Sessenta e oito governos locais norte-americanos, incluindo das cidades de Birmingham e Miami, suspenderam programas de coleta de materiais recicláveis devido à pandemia. Apesar disso, os especialistas prevêem que a quantidade de aterros ainda reduzirá devido à falta de atividade comercial.

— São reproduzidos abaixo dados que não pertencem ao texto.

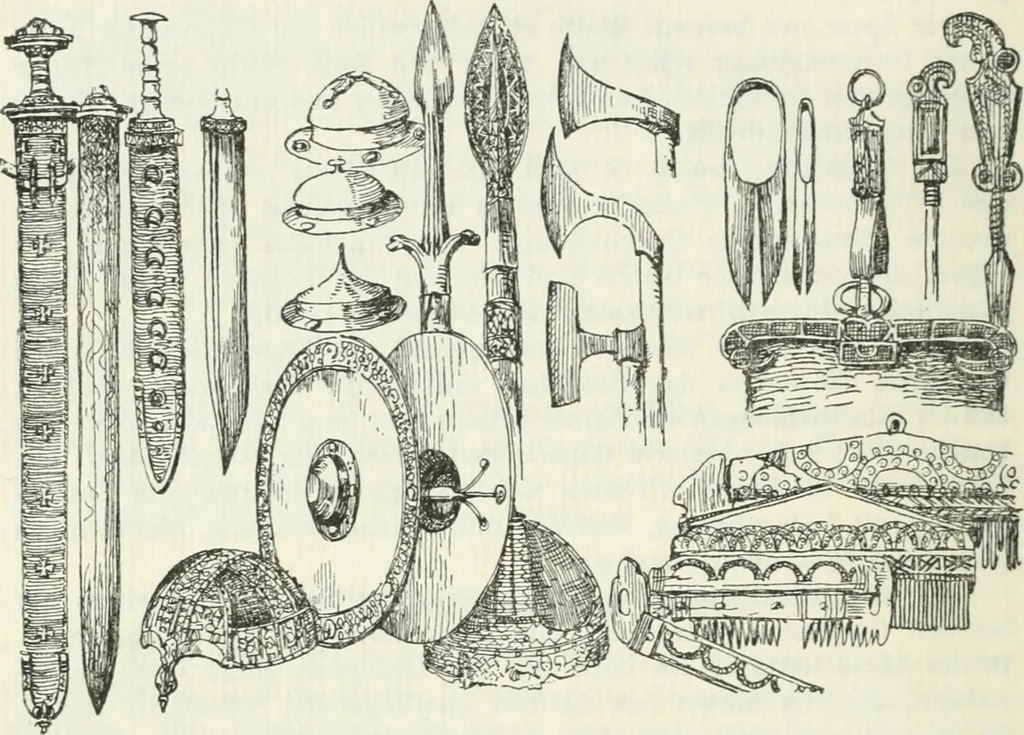 An illustration from Die älteste Kunst, insbesondere di Baukunst, der Germanen, 1909, leaf 50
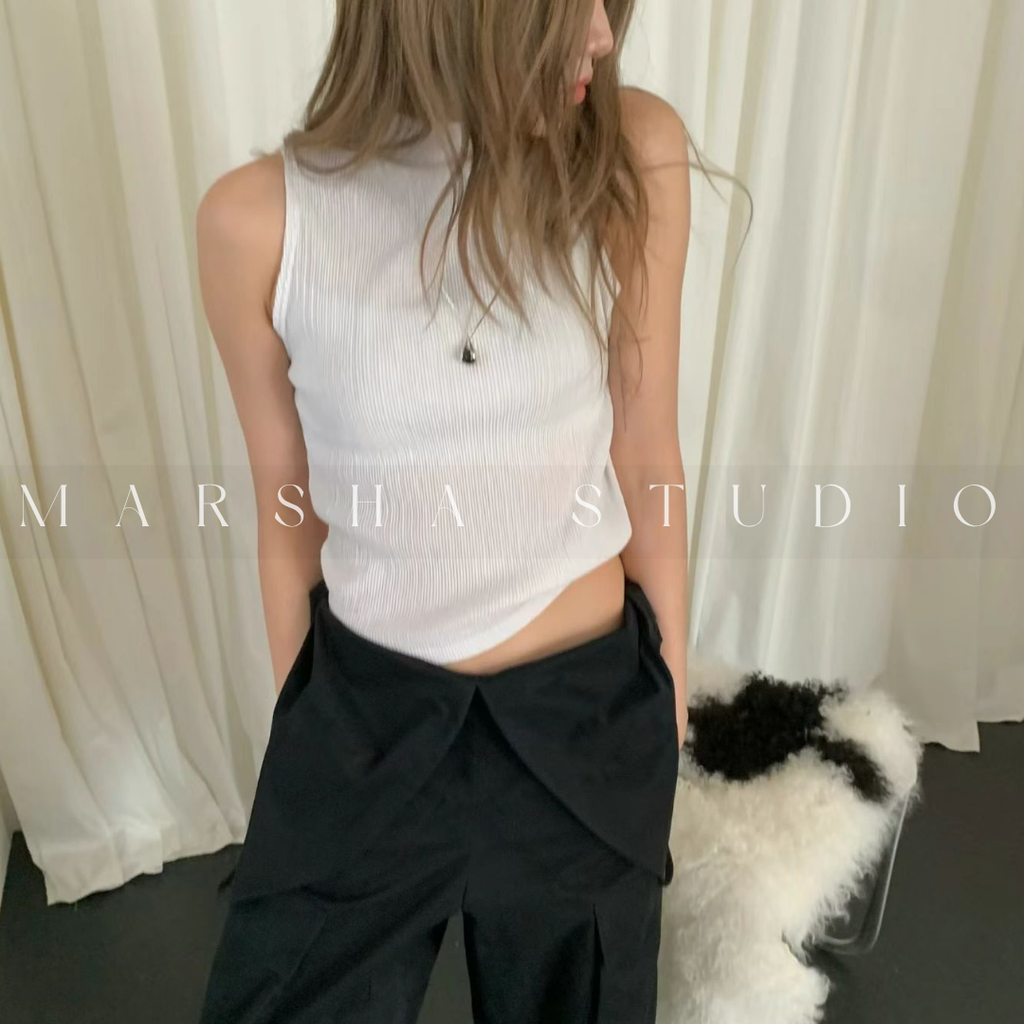 POST❮韓國❯6CK11細坑條兩件式上衣 女微高領背心＋V領斜肩長袖 多穿法設計感套裝10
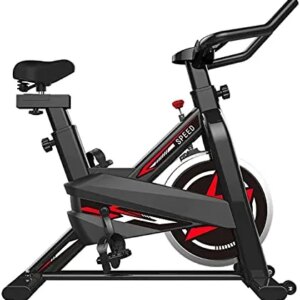 Stationary Bikes Home Exercise Bike, Indoor Cycling Bike with Flywheel, Exercise Equipment for Home Workouts Cardio Training with Comfortable Seat, Silent Belt Drive Gym Fitness Bike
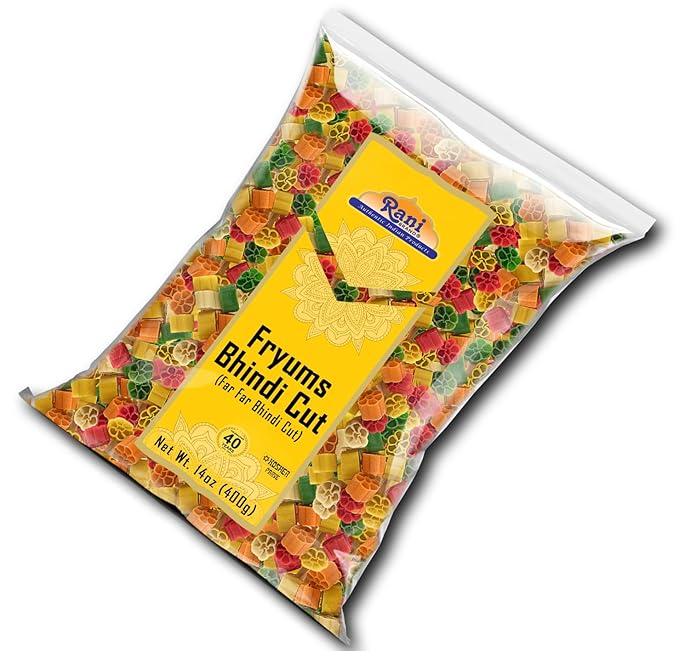 Rani Far Far / Fryums (Wheat & Tapioca Pellet) Bhindi Shape 14oz (400g) ~ Vegan, Kosher, Uncooked, Used to Make Papad, Bhungra / Chip Snack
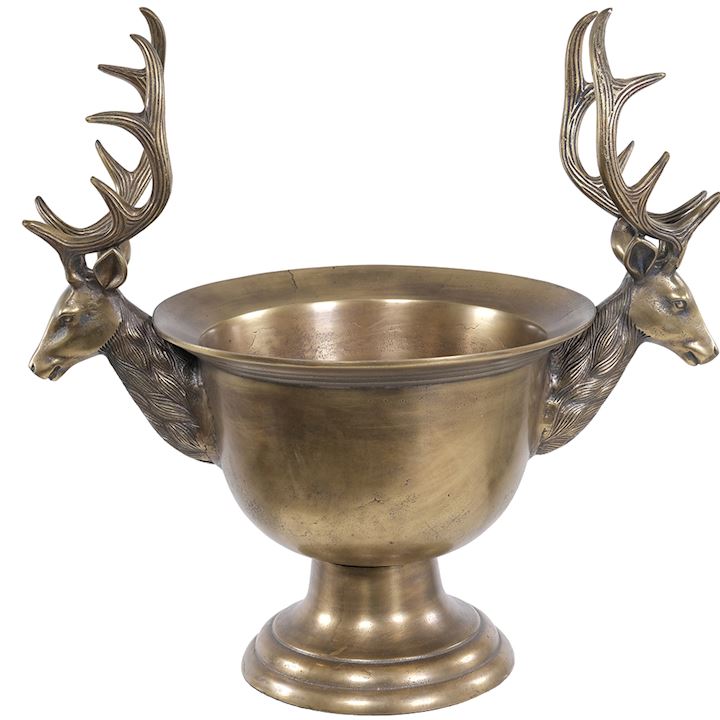 LARGE A/Q BRASS STAG WINE COOLER 62x41x60cm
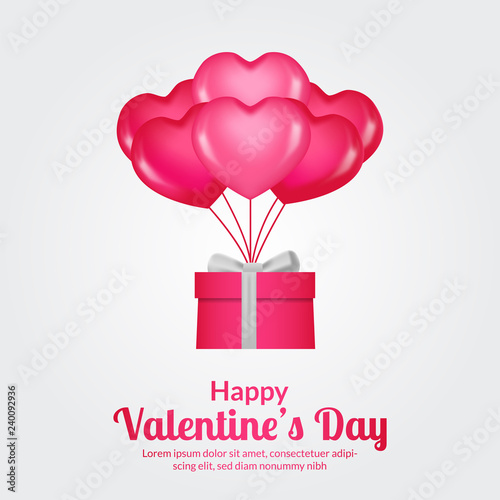 Valentine day with 3g hearth flying helium balloon nad. vector illustration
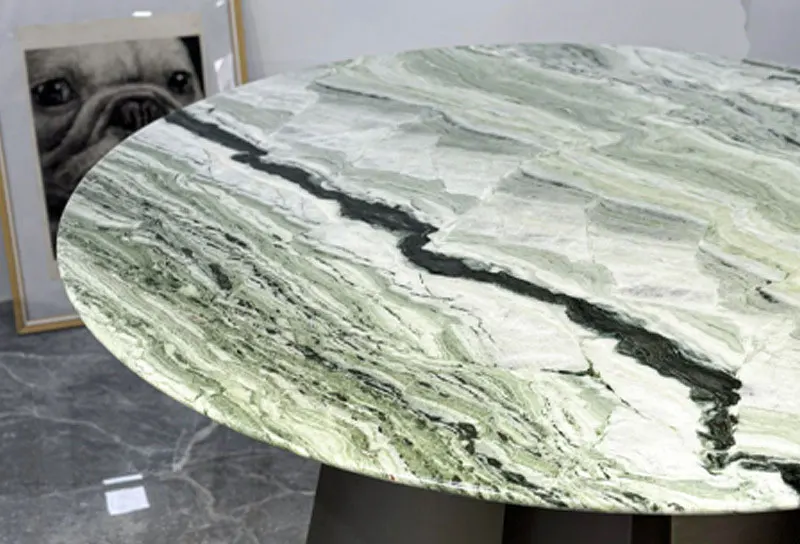HZX Italian natural marble modern simple home round table high-end luxury round green jade luxury stone table Dinning Table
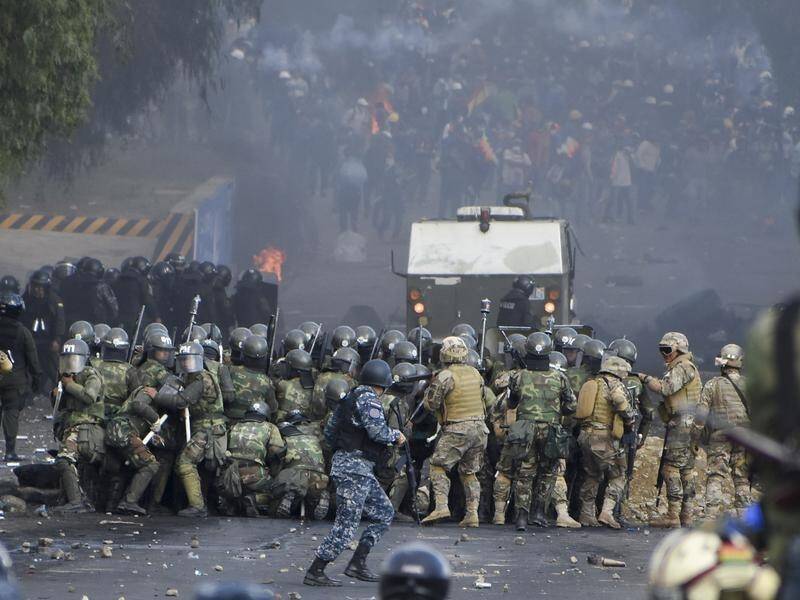 Security forces have opened fire on supporters of former Bolivian president Evo Morales.
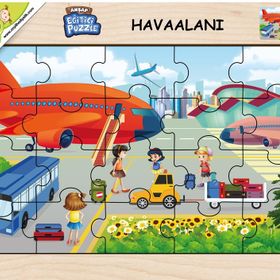 Playwood 23.5x33.5 cm Havaalanı Ahşap Eğitici Puzzle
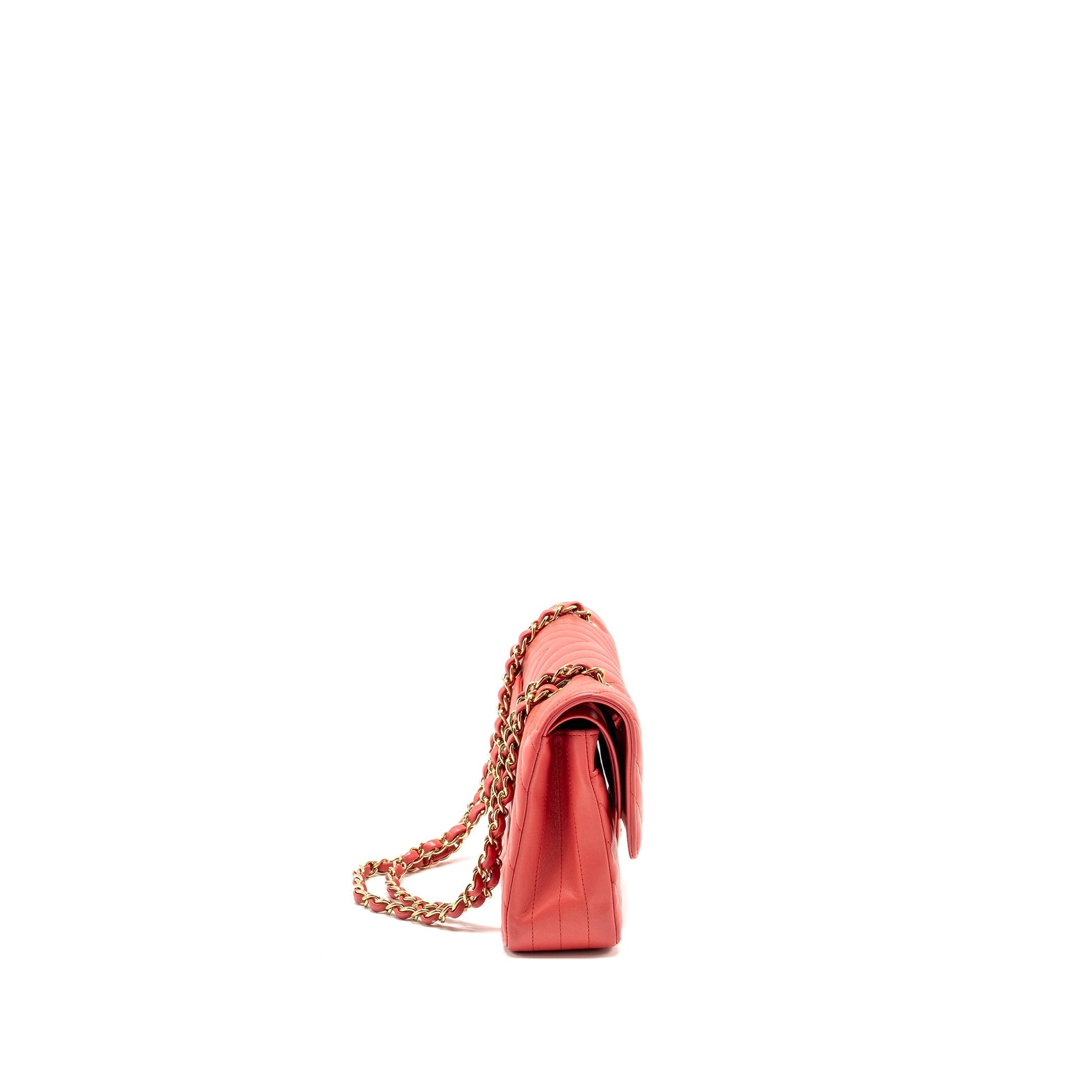 Chanel Classic Double Flap Chevron Lambskin LGHW Pink Shoulder Bag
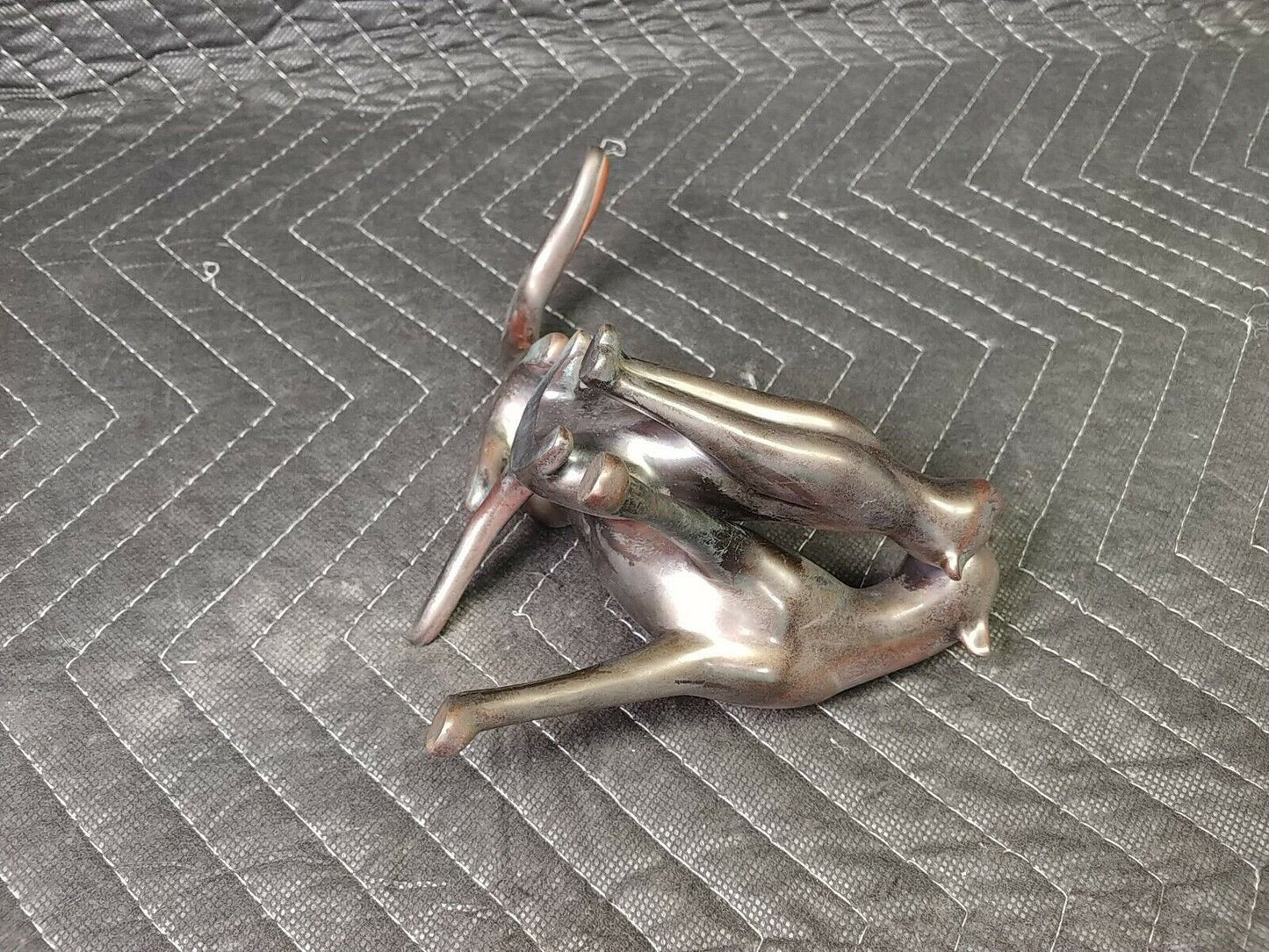 Solid Brass/Bronze Mother and Cub Panther Art Sculpture Signed Loeto 141/2500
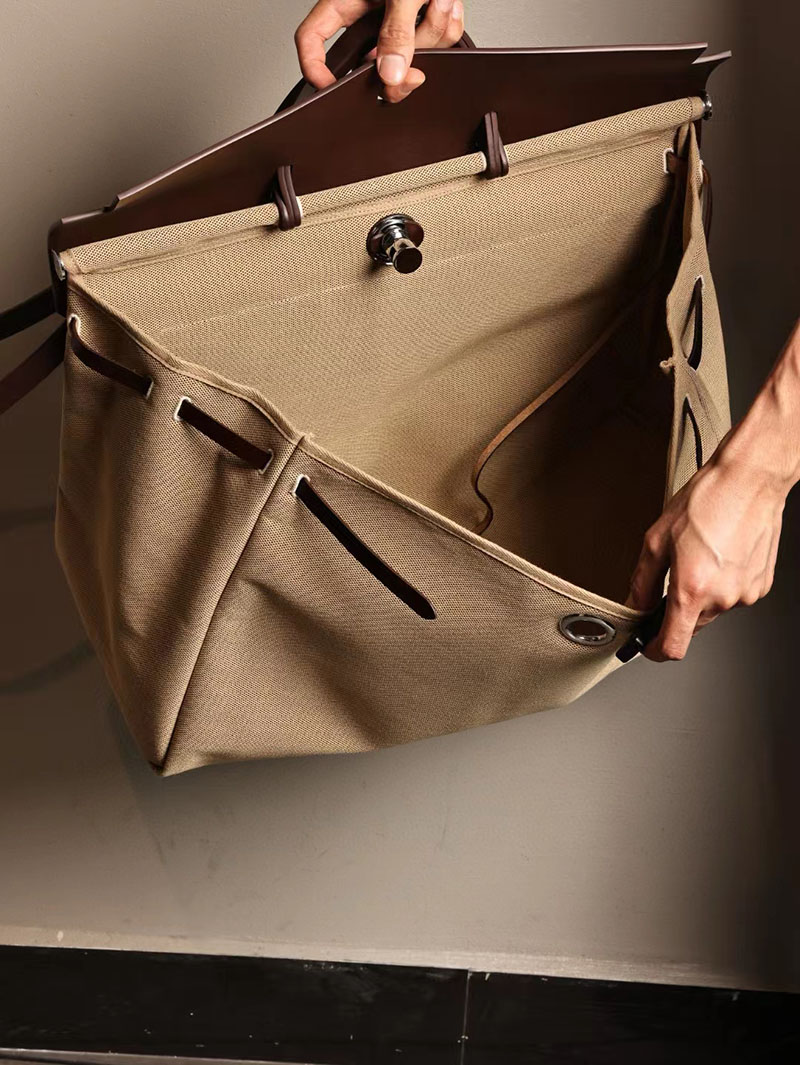 エルメス エールバッグ50 メンズ HERMES エールバッグジップGM ボルドー ヴァッシュハンター/トワルアッシュ シルバー金具 2412792 - 画像 (5)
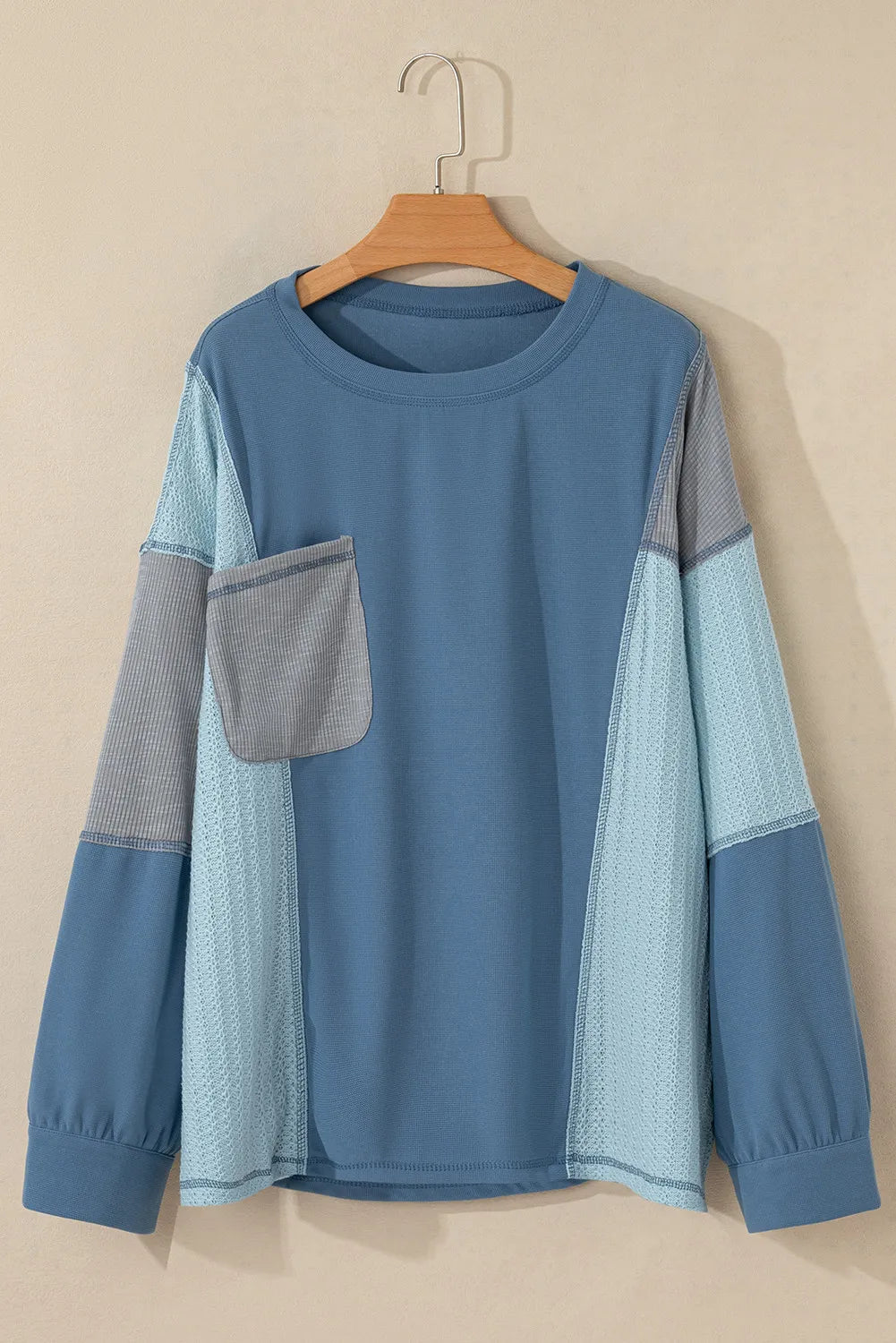 Patchwork Color Block Round Neck Long Sleeve Top - Charming Charlie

As fontes dos dados listados são: portal Waste Dive; Center For Plant Conservation (Centro de Conservação de Plantas); Dr. Trevor Dines da instituição de conservação de plantas silvestres Plantlife; Lamont-Doherty Earth Observatory (Observatório da Terra Lamont-Doherty da Universidade de Columbia); portal Carbon Brief; Douglas Rader, do Environmental Defense Fund (Fundo de Defesa Ambiental); cientista Rainer Froese, do GEOMAR Helmholtz Centre for Ocean Research Kiel (Centro de Pesquisas Oceânicas GEOMAR Helmholtz); Marshall Burke, do Earth System Science Department (Departamento de Ciência de Sistemas Terrestres da Universidade de Stanford); National Institute For Space Research (Instituto Nacional de Pesquisas Espaciais); Transportation Security Administration (Administração de Segurança de Transporte); e zoológico de Hong Kong Ocean Park.